Looking back at the 1994 major league baseball players' strike: Who was right, who was wrong and why it is still helping baseball today.

Twenty years ago today, there was no baseball. On Aug. 12, 1994, the Major League Baseball Players Association went on strike, initiating what became, at the time, the longest work stoppage in American professional sports. Since surpassed only by the 2004-05 National Hockey League lockout, the baseball strike lasted 232 days and canceled more than 900 games, including the entire 1994 postseason and World Series. There wouldn’t be another game that counted until April 25, 1995.

The basic elements of the conflict were nothing new. Ever since losing the arbitration case that granted players free agency in December 1975, the owners had sought ways to limit free agency and restrict salary growth, going as far as to collude against free agents after the 1985, ’86 and ’87 seasons. After they were found guilty of collusion, however, salaries began to escalate, and the emerging disparity between the ability of large- and small-market teams to compete financially for top free agent talent led to a stratification in the league.

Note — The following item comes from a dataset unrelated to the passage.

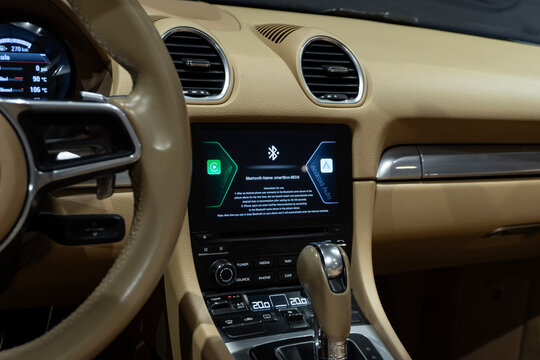 Porsche 718 Boxster S infotainment screen, Tan interior, PDK shifter detail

It was obvious to nearly everyone, save a few large-market owners, that revenue-sharing was a must. But the owners, led by acting commissioner Bud Selig, insisted on tying their revenue-sharing proposals to a cap on player salaries, and it was that issue on which neither side would budge in 1994. The players, led by union chief Donald Fehr, would not accept a salary cap under any circumstances, and the owners would not entertain any proposal that did not include a cap.

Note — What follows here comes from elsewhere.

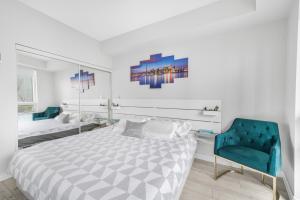 1 dormitorio con 1 cama y 1 silla azul en Luxury Downtown Toronto 2 Bedroom Suite with City and Lake Views and Free Parking en Toronto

With the 1990 Collective Bargaining Agreement due to expire on Dec. 31, 1994, the players set a strike date of Aug. 12, believing that date would give the owners enough time to call their bluff, capitulate and resume the season in time for the September stretch run and postseason.

“It doesn’t matter what we do,” Dodgers player representative Orel Hershiser reportedly told the owners in the final negotiating sessions two days before the strike date. “You’re going to get rid of Selig and [lead counsel Richard] Ravitch, get a new negotiating team and you’re going to cave in.”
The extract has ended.